They were to be moved to a shelter home and put in touch with the UNHCR, but the ethnic conflict halted all plans.
When a group of 81 refugees crossed the border from Myanmar to Manipur since 2021, they hoped for safety after a military coup toppled their government back home.
But years later, they’re trapped in another conflict – the ethnic violence that began between the Kukis and Meiteis in Manipur in May.
In January, all 81, including 10 children, were arrested by the Manipur police because they did not have “valid documents”. A local court recognised them as refugees, not illegal immigrants. It then directed the detaining authority to give them access to the United Nations High Commissioner for Refugees and other organisations to receive assistance with respect to legal procedures and documentation.
But nearly five months later, with the ethnic violence continuing across Manipur, around 52 of the refugees remain at a detention centre outside Sajiwa jail in Imphal. One had died in February. The others – about 28, including the 10 children – were released and now live in temporary accommodation near Kuki villages.
“Before the conflict, the Manipur government was evolving a policy to deal with the Myanmar refugees,” said Babloo Loitongbam, director of a group called Human Rights Alert that has been working with the refugees. “But after the conflict, everything is frozen. Nothing has been progressing.”
Plans stalled
The refugees are originally from Tamu district in Myanmar’s Sagaing region, which borders India.
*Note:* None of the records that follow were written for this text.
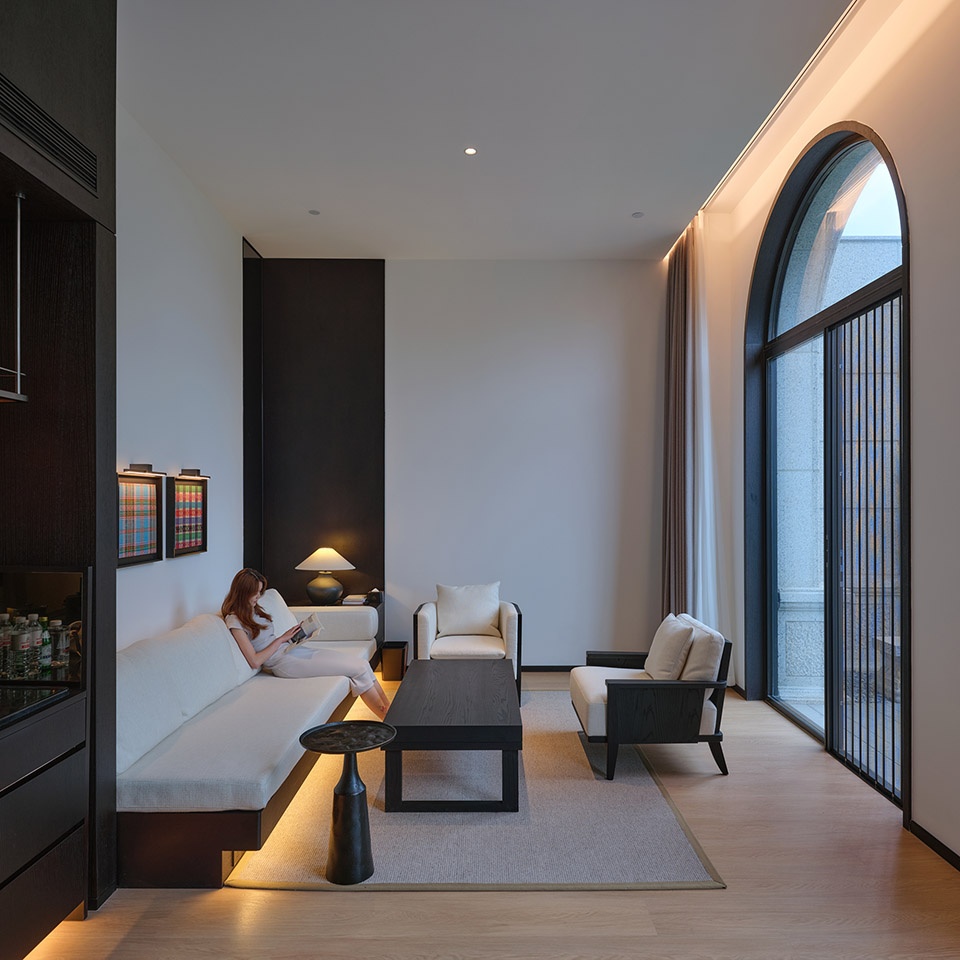 qingdao tides rise hotel by leeko architects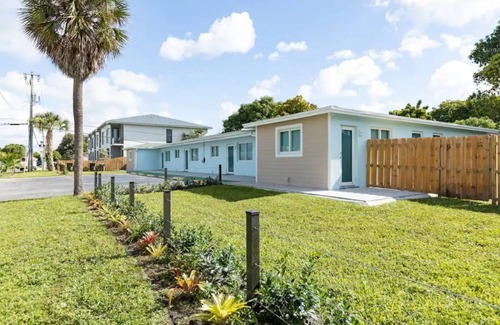 Fort Lauderdale Apartment | 4014 renovated great for family and long term rent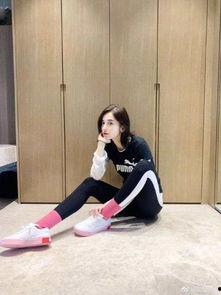 娱乐吃瓜君长腿哥哥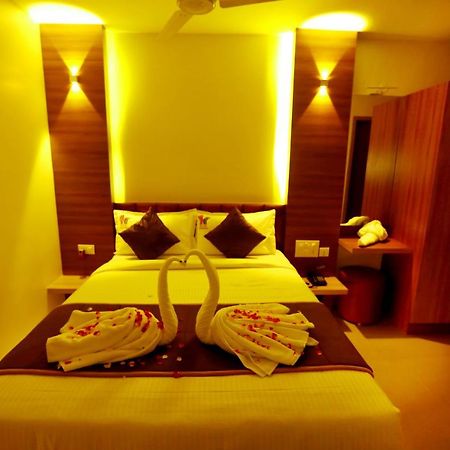 Hotel Sai Krish Grand Chettippattu Buitenkant foto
The district has witnessed violent protests since 2021, leading to a significant influx of people from Tamu to Moreh, located on the India-Myanmar border.
The 81 refugees also settled in New Salbung village in Moreh. When they were picked up by the state police in January, they allegedly admitted to entering India illegally to escape the military coup back home.
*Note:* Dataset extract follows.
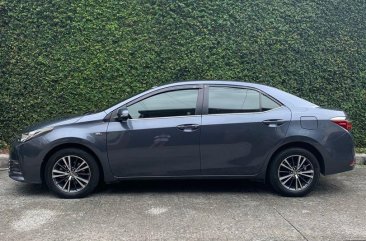 Selling Toyota Corolla Altis 2018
The 10 children were produced before a juvenile court, while the 71 adults appeared at the Court of the Judicial Magistrate, First Class in Moreh.
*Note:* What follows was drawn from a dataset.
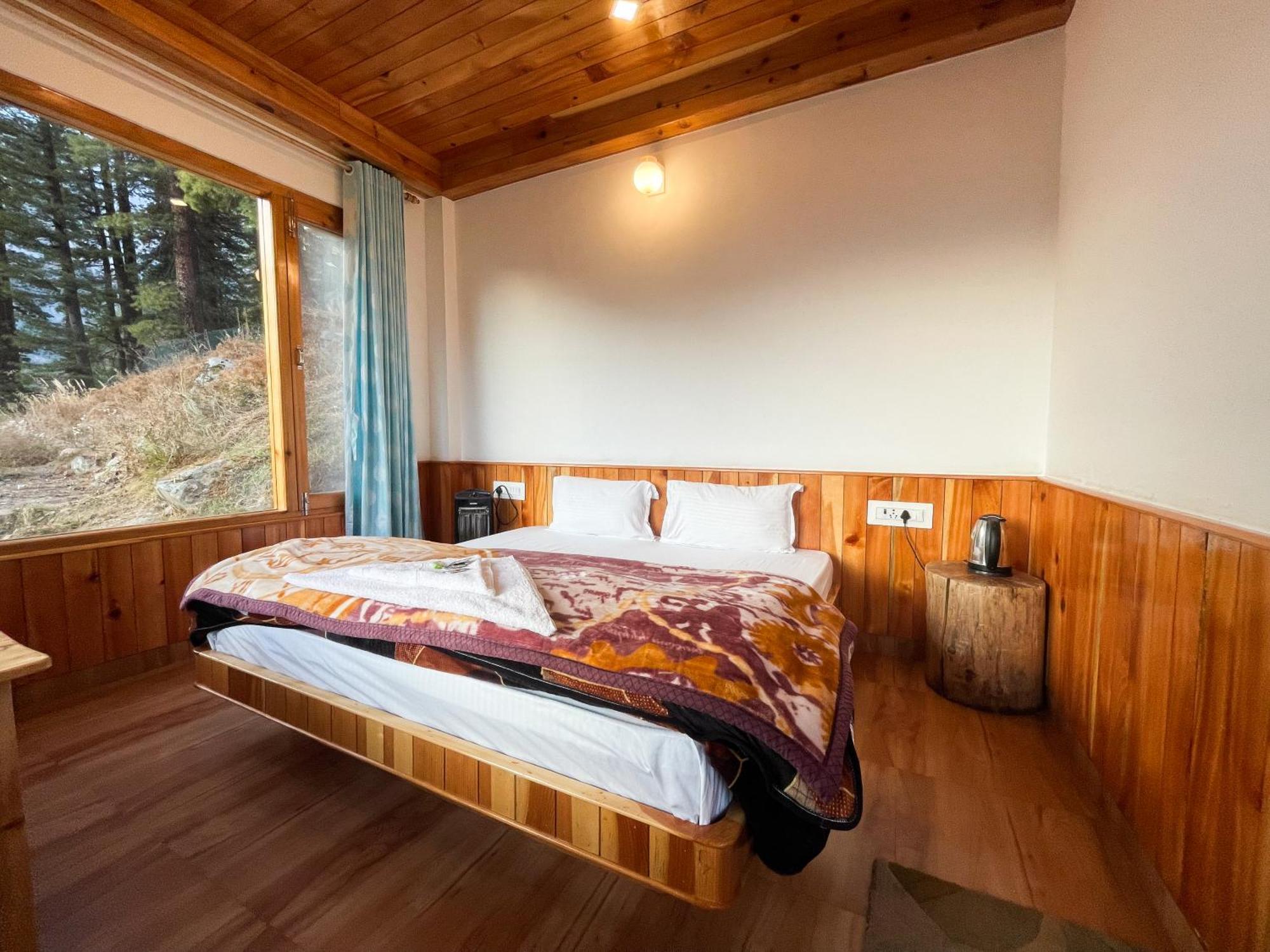 Singing Woods Kutla Hotel กูลู ภายนอก รูปภาพ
According to court documents accessed by Newslaundry, the court noted that India is party to the Universal Declaration of Human Rights, of which Article 14 says “everyone has a right to seek and to enjoy in other countries asylum from persecution”.
It should be noted that India is not a signatory to the 1951 Refugee Convention or the 1967 Protocol, and does not have a national refugee protection framework.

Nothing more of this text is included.